INPUT MATERIAL →

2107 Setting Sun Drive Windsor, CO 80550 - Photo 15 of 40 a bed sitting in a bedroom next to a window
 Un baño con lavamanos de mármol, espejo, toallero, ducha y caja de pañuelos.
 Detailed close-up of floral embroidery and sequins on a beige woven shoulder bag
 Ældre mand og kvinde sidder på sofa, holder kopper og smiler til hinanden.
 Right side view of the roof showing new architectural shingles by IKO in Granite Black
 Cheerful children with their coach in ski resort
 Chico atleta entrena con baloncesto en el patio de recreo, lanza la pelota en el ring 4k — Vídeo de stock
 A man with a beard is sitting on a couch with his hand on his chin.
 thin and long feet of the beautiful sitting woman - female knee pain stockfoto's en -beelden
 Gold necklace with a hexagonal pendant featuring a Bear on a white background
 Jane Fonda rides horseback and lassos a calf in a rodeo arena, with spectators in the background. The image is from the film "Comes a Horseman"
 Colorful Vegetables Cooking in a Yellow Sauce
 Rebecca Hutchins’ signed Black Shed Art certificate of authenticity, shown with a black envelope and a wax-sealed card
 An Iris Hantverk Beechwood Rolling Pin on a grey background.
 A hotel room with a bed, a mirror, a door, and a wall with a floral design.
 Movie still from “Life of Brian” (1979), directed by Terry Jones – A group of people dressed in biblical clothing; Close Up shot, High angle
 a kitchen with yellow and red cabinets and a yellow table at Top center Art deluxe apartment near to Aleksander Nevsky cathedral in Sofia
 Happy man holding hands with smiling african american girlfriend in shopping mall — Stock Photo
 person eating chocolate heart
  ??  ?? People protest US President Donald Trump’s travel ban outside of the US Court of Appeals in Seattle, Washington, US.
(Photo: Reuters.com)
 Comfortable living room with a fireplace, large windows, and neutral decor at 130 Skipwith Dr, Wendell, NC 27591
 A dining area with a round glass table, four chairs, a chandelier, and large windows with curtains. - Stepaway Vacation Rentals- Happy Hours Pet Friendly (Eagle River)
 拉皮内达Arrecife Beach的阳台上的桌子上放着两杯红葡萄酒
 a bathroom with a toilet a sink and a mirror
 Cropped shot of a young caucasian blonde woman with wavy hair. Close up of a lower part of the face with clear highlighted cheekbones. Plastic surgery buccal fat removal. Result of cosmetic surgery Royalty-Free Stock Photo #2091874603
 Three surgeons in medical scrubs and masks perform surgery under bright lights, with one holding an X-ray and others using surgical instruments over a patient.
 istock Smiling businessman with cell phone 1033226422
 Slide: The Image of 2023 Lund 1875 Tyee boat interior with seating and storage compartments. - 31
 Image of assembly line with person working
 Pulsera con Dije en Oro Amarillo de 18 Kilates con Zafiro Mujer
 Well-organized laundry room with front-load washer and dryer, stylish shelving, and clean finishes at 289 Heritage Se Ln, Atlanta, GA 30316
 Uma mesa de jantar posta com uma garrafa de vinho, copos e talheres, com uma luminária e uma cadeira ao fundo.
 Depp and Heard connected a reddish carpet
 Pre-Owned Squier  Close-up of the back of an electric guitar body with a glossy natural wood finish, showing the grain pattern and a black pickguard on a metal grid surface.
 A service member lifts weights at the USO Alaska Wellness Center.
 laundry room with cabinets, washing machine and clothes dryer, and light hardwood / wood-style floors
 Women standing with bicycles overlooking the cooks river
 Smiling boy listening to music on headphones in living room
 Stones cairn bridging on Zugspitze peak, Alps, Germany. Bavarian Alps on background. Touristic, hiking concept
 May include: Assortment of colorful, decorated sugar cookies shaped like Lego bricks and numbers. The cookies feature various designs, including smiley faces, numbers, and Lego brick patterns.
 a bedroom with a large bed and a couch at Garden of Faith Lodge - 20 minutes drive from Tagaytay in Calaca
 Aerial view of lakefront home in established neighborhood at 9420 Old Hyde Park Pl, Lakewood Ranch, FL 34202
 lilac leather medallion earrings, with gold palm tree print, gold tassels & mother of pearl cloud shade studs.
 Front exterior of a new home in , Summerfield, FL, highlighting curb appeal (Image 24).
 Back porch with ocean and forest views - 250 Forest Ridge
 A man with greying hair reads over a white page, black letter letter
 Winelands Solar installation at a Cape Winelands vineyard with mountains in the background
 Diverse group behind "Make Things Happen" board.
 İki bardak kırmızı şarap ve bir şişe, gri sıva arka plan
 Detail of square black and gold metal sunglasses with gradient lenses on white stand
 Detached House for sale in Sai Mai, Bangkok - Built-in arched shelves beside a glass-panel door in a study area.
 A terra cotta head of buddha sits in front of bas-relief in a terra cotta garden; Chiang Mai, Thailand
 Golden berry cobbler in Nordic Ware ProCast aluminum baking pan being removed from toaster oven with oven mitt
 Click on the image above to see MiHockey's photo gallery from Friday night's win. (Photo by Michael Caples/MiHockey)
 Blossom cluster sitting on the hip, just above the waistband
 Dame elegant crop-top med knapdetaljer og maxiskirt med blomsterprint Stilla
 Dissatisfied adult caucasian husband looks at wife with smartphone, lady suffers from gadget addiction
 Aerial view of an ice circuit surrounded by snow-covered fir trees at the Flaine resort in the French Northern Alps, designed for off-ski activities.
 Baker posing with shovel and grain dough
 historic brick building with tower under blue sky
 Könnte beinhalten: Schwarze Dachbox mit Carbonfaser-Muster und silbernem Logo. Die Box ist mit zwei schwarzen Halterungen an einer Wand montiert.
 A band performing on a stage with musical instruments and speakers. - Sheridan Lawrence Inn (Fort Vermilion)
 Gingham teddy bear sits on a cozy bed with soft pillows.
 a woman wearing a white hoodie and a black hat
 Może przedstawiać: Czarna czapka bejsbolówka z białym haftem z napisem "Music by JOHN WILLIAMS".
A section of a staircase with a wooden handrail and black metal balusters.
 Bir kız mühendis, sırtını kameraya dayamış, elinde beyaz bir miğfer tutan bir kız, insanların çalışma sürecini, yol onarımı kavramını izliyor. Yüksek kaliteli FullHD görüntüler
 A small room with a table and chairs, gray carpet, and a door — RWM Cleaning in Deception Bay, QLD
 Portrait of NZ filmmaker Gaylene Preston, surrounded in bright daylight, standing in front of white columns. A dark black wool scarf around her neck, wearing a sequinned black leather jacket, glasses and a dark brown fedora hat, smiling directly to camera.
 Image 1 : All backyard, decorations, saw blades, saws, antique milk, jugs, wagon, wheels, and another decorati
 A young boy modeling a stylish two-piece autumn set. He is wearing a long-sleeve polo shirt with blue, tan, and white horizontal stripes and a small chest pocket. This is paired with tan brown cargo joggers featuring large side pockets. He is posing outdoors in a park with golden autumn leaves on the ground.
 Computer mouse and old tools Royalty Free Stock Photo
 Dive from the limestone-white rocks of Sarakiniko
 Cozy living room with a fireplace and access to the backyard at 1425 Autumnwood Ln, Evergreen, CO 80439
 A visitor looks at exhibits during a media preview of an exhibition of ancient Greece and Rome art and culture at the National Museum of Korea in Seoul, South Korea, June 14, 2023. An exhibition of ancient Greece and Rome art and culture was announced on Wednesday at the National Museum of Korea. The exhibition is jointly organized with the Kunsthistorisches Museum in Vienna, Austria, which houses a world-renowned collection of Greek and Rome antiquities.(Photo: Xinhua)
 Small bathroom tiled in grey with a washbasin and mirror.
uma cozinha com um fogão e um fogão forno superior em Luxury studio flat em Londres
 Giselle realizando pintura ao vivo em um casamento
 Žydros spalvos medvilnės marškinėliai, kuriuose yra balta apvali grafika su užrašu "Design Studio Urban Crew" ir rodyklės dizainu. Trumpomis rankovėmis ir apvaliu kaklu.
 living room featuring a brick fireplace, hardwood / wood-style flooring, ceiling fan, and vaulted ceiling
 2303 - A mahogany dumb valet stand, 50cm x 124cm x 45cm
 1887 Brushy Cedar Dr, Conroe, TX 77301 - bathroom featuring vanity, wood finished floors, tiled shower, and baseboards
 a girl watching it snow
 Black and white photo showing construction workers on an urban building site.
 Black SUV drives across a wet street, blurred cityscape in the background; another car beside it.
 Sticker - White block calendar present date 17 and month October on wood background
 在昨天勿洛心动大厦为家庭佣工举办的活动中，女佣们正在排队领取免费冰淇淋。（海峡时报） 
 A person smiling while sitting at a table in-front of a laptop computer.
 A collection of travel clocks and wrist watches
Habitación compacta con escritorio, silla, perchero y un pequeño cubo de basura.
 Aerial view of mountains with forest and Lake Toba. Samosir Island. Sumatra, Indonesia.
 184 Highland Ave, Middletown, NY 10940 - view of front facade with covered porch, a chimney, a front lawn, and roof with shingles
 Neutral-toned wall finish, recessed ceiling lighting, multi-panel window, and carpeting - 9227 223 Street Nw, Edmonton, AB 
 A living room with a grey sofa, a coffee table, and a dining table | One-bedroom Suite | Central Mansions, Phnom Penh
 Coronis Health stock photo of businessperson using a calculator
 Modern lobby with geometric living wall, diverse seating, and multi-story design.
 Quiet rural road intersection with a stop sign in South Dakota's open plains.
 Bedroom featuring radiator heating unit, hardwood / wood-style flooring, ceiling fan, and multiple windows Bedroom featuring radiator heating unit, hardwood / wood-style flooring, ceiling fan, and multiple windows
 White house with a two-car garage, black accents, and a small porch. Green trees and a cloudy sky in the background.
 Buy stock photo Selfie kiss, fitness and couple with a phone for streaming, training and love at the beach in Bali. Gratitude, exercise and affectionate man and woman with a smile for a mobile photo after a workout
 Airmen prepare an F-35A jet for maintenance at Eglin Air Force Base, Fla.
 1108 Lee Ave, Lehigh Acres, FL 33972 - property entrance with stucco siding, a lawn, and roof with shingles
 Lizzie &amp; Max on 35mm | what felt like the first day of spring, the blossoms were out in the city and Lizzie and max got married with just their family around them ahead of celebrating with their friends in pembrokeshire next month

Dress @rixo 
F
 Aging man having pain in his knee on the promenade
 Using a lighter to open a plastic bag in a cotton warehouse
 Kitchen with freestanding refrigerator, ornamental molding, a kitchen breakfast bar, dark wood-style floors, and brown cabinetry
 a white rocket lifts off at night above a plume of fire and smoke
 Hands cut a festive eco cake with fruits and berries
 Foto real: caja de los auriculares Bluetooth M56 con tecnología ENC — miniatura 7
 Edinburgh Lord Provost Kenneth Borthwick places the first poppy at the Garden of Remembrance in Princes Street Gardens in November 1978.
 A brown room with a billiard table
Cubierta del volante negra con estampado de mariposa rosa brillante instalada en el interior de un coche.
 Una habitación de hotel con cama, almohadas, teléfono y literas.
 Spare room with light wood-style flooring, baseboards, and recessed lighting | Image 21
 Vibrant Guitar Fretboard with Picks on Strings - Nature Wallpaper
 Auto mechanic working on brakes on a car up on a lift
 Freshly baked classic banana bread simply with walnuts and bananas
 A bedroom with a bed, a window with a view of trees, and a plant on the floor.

EXERCISE BRIEF → Review the preceding data and report every line that includes the string "caucasian".

SOLUTION BELOW →
 Cropped shot of a young caucasian blonde woman with wavy hair. Close up of a lower part of the face with clear highlighted cheekbones. Plastic surgery buccal fat removal. Result of cosmetic surgery Royalty-Free Stock Photo #2091874603
 Dissatisfied adult caucasian husband looks at wife with smartphone, lady suffers from gadget addiction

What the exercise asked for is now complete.